Jeffrey LewisSTART Talking

Remember how the intelligence community warned that it won’t be able to verify the Moscow Treaty after the START inspection protocol lapses?

The Bush Administration, Nicholas Kralev in the Washington Times, wants to keep it that way:

The Bush administration has rebuffed Russian overtures to negotiate a legally binding replacement of the 1991 START I treaty that reduced the two countries’ strategic nuclear forces but is set to expire in 2009, U.S. and Russian officials said yesterday.

An expert-level meeting between the former enemies to discuss options after the treaty’s expiration is expected to take place as soon as this month, but their differences are not likely to be resolved, the officials said.

While the Russians insist on a legally binding agreement, the Americans have focused on “transparency and confidence-building measures” that would still allow both sides to verify each others’ arsenals and capabilities.

Even getting a expert group has, apparently, been a huge problem, with Russian officials telling Kralev that “Mr. Joseph resisted expert-level talks and preferred ‘strategic political discussions.’”

Comments

  1. Mike (History)

    don’t worry – trust us.

  2. confusedponderer (History)

    Joseph channels Bolton. Ideology trumping common sense.

    No surprise at all. That’s absolutely in line with the Bush crew’s refusal of binding international treaties. After all, they’re a hegemonic super-duper power now (or still) and won’t allow themslves being slowed down by international law, or treaties, which are anyway a weapon used against the US by the weak.Global benevolent hegemons impose their will. They don’t do carrots, and they don’t need to negotiate anything, only determine the terms of unconditional surrender by the enemy. Consider the efficiency of that approach.

  3. Amyfw (History)

    The problem is that monitoring under the Treaty is a two way street. We get to see their stuff, they get to see ours. The intelligence community really wants to keep the provisions that allow us to see their stuff; the services and others in the Pentagon really want to get out of the provisions that they think impinge on their operations by allowing the Russians to see our stuff. Hence, replace mutual monitoring provisions with “transparency measures.” This means we get to see what we want to see, without having to show them stuff we don’t want them to see….

  4. Muskrat (History)

    The first problem is the calendar. Bush isn’t going to negotiate a real treaty with teeth and send it to the Senate in the middle of the ‘08 campaign. The new adminstration of President Vilsack/Obama/Colbert will only have a few months between figuring out the phones in the West Wing and the expiration of START I in December 2009—far too short to negoatiate and ratify any rigorous deal.

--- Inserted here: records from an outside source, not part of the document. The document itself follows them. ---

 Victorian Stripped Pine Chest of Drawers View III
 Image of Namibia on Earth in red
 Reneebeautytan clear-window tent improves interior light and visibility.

    Another probem with a legally-binding document would be that there would be considerable pressure to make the limit levels lower even than in the Moscow treaty (1700-2200). As meaningless as those limits are, given the lack of definitional rigor, it would take a great deal of arm wrestling to get the Pentagon to agree to even lower numbers.

    Also, as noted above, the real verification measures (i.e., telemetry rules, RVOSI) are unpopular with both Moscow and the US Services. Including them would be hard and slow, and leaving them out leaves you with a toothless tiger (AKA Treaty of Moscow).

    So what’s going to happen? Bush is going to punt, and the newbie will have to make a fast decision whether to essentially decide that arms control is dead and rely on Missile Defense, or step up and raise the ante by seeking a bigger, broader ac/non-pro norm. There are lots of big ideas available—revive the NPT, global ban on INF-range missiles, global flight test ban, real FISSMAT cutoff—but none are achievable without a) real sacrifice on the part of the U.S. institutional interests at Pentagon and DOE (and possibly AIPAC), and b) serious U.S. Leadership in the world to create and enforce a verifiable and enforceable consensus. If I had to bet I bet we get Missile Defense instead of policy, whoever wins.